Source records
--
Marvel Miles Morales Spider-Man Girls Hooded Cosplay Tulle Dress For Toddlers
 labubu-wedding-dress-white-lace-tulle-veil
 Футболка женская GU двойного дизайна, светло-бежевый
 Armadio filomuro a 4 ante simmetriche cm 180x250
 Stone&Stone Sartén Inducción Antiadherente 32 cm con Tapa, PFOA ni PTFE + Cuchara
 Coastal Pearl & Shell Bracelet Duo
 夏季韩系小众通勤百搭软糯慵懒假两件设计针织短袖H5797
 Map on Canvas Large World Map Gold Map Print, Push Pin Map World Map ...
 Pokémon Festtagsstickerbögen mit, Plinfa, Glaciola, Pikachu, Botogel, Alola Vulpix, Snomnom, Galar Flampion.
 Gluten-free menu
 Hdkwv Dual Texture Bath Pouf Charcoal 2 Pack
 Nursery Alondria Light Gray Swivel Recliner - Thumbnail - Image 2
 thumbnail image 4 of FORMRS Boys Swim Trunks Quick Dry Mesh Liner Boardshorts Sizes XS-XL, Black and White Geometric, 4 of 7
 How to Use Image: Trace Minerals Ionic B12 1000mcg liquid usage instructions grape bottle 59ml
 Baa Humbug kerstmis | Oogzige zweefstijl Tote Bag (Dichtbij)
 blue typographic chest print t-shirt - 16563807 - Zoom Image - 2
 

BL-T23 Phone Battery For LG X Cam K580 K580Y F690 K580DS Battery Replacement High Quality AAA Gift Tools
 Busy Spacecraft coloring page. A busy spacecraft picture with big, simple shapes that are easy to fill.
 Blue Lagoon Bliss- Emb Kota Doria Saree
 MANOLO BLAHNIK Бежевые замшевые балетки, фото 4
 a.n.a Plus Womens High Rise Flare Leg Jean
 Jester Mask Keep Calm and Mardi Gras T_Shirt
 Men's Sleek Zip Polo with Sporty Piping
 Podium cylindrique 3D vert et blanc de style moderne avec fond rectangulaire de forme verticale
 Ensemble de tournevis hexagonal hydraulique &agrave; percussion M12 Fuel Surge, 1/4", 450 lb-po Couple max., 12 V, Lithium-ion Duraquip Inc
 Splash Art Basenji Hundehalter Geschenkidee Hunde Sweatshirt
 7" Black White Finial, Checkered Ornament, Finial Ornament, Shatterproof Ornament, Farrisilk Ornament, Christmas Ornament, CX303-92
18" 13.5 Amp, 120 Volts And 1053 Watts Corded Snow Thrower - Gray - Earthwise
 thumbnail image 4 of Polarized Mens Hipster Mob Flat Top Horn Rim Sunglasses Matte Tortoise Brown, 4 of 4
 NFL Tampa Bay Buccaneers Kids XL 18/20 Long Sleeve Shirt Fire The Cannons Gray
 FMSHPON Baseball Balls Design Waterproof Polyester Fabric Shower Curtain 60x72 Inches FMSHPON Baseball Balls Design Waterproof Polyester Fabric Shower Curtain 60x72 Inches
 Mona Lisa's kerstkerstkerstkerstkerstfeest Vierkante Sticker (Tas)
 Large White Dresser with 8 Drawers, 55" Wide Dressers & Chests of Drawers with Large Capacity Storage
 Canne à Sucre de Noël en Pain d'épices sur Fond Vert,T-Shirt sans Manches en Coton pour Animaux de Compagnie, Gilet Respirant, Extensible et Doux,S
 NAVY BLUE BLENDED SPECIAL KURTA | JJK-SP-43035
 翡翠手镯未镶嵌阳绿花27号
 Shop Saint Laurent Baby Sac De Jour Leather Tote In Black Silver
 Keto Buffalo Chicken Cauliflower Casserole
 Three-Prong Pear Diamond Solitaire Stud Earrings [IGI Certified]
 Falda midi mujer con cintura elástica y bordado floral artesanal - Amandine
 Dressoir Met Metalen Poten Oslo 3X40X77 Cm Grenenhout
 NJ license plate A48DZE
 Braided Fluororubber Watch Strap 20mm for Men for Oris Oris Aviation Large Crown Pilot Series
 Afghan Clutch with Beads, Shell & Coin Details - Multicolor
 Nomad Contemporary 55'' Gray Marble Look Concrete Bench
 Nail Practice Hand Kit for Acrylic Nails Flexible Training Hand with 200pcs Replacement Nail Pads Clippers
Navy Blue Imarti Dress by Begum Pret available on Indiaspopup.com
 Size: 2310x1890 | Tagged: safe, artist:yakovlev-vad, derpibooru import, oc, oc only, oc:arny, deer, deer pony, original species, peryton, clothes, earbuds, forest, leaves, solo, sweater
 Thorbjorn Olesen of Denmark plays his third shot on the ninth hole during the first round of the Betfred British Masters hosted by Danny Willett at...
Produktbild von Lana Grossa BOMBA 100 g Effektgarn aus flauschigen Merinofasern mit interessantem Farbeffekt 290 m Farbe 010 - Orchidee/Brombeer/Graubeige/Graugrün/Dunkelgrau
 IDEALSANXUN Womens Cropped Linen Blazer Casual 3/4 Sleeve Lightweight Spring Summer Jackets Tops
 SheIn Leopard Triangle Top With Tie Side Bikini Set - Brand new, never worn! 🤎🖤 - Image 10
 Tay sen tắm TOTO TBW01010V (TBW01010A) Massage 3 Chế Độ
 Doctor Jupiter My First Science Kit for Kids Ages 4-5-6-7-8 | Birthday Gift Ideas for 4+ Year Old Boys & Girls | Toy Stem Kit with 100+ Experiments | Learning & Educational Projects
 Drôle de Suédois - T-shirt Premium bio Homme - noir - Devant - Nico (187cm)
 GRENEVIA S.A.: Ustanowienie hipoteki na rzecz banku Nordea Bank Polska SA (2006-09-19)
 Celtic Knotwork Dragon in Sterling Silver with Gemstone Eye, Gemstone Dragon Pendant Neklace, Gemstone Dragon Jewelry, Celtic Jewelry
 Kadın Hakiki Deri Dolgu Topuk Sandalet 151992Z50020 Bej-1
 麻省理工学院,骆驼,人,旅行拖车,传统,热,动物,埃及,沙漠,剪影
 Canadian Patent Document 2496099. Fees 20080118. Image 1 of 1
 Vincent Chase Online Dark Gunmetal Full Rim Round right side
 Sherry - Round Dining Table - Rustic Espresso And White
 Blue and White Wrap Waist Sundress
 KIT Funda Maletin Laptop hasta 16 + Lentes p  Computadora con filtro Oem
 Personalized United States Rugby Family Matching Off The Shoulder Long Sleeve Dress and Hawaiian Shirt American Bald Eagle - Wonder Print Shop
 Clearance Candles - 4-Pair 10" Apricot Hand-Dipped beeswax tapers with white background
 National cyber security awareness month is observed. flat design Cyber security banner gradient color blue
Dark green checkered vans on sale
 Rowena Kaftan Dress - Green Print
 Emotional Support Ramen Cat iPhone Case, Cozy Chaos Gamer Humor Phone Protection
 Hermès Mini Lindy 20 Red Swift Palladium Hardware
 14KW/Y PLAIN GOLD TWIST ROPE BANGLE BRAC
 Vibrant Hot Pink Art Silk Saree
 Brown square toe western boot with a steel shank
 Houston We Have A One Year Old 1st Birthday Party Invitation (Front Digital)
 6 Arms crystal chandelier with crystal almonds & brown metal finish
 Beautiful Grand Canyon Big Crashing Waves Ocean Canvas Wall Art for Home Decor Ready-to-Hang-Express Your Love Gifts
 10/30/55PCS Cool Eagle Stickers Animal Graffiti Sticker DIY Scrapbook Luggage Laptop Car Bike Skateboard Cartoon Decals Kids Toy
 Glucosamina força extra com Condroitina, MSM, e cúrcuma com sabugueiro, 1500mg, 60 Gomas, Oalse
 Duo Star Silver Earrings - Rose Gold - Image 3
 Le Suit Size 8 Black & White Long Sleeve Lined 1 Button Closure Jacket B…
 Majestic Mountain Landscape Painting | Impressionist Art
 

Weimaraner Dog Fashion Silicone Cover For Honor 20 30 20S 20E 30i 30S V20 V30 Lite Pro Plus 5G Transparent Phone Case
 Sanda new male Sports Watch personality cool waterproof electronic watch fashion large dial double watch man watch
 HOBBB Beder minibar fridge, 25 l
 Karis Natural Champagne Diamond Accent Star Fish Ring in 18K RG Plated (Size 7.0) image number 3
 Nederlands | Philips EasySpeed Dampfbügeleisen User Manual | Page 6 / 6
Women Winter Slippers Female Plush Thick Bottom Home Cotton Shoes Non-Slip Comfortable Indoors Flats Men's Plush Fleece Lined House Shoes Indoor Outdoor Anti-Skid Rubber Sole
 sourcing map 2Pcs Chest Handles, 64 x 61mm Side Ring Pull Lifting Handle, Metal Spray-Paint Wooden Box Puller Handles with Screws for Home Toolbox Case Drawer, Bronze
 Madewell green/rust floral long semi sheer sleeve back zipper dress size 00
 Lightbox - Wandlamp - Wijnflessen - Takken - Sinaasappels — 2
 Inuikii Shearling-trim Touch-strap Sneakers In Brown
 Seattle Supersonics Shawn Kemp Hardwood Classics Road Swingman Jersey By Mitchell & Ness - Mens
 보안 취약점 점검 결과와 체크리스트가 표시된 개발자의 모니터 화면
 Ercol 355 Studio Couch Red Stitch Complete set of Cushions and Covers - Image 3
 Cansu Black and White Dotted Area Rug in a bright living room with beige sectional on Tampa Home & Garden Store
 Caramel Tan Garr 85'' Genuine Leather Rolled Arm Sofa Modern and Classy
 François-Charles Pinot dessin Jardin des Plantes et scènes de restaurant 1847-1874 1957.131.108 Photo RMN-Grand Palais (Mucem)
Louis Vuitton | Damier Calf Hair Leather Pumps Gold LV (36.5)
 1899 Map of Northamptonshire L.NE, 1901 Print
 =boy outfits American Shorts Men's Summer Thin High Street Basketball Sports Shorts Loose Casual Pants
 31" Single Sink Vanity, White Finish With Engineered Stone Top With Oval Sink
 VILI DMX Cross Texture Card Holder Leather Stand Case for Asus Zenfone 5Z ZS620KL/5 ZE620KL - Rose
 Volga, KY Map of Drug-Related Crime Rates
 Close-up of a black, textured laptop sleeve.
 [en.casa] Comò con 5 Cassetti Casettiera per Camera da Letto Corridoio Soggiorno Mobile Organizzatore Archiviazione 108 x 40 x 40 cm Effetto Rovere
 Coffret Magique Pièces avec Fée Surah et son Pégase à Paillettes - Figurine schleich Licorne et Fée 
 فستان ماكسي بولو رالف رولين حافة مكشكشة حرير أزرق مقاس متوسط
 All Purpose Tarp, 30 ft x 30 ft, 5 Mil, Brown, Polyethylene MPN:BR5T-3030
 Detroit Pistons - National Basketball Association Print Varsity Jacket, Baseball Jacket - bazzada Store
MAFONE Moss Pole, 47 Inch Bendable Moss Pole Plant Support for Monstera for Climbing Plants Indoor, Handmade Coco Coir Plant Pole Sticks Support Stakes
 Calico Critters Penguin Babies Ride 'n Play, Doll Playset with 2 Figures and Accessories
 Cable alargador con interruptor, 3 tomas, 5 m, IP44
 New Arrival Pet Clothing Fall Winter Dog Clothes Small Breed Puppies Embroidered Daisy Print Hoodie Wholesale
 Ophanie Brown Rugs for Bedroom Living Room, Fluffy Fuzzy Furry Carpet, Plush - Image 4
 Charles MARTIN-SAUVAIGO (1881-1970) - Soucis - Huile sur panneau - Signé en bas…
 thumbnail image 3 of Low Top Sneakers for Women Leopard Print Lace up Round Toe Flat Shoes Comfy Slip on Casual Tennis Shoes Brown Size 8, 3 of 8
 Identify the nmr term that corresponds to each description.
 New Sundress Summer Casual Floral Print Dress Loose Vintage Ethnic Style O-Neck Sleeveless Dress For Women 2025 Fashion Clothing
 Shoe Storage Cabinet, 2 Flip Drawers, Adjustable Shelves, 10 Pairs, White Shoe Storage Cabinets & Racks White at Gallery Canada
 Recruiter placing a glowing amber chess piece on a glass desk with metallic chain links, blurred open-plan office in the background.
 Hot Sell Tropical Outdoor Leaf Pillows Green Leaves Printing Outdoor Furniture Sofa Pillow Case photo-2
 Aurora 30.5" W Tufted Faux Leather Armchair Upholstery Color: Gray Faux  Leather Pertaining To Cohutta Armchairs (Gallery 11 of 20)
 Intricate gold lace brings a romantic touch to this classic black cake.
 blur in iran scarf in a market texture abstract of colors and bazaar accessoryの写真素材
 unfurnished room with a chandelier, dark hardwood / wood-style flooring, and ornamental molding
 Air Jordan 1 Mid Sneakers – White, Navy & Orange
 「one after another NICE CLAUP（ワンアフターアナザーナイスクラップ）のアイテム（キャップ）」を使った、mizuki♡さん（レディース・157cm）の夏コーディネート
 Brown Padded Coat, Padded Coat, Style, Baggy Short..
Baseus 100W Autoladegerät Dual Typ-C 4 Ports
--
» **Task to complete**
Retype exactly the lines above, from the one with "Clearance Candles - 4-Pair" through the one with "Lightbox - Wandlamp", inclusive.

» **Problem solution**
 Clearance Candles - 4-Pair 10" Apricot Hand-Dipped beeswax tapers with white background
 National cyber security awareness month is observed. flat design Cyber security banner gradient color blue
Dark green checkered vans on sale
 Rowena Kaftan Dress - Green Print
 Emotional Support Ramen Cat iPhone Case, Cozy Chaos Gamer Humor Phone Protection
 Hermès Mini Lindy 20 Red Swift Palladium Hardware
 14KW/Y PLAIN GOLD TWIST ROPE BANGLE BRAC
 Vibrant Hot Pink Art Silk Saree
 Brown square toe western boot with a steel shank
 Houston We Have A One Year Old 1st Birthday Party Invitation (Front Digital)
 6 Arms crystal chandelier with crystal almonds & brown metal finish
 Beautiful Grand Canyon Big Crashing Waves Ocean Canvas Wall Art for Home Decor Ready-to-Hang-Express Your Love Gifts
 10/30/55PCS Cool Eagle Stickers Animal Graffiti Sticker DIY Scrapbook Luggage Laptop Car Bike Skateboard Cartoon Decals Kids Toy
 Glucosamina força extra com Condroitina, MSM, e cúrcuma com sabugueiro, 1500mg, 60 Gomas, Oalse
 Duo Star Silver Earrings - Rose Gold - Image 3
 Le Suit Size 8 Black & White Long Sleeve Lined 1 Button Closure Jacket B…
 Majestic Mountain Landscape Painting | Impressionist Art
 

Weimaraner Dog Fashion Silicone Cover For Honor 20 30 20S 20E 30i 30S V20 V30 Lite Pro Plus 5G Transparent Phone Case
 Sanda new male Sports Watch personality cool waterproof electronic watch fashion large dial double watch man watch
 HOBBB Beder minibar fridge, 25 l
 Karis Natural Champagne Diamond Accent Star Fish Ring in 18K RG Plated (Size 7.0) image number 3
 Nederlands | Philips EasySpeed Dampfbügeleisen User Manual | Page 6 / 6
Women Winter Slippers Female Plush Thick Bottom Home Cotton Shoes Non-Slip Comfortable Indoors Flats Men's Plush Fleece Lined House Shoes Indoor Outdoor Anti-Skid Rubber Sole
 sourcing map 2Pcs Chest Handles, 64 x 61mm Side Ring Pull Lifting Handle, Metal Spray-Paint Wooden Box Puller Handles with Screws for Home Toolbox Case Drawer, Bronze
 Madewell green/rust floral long semi sheer sleeve back zipper dress size 00
 Lightbox - Wandlamp - Wijnflessen - Takken - Sinaasappels — 2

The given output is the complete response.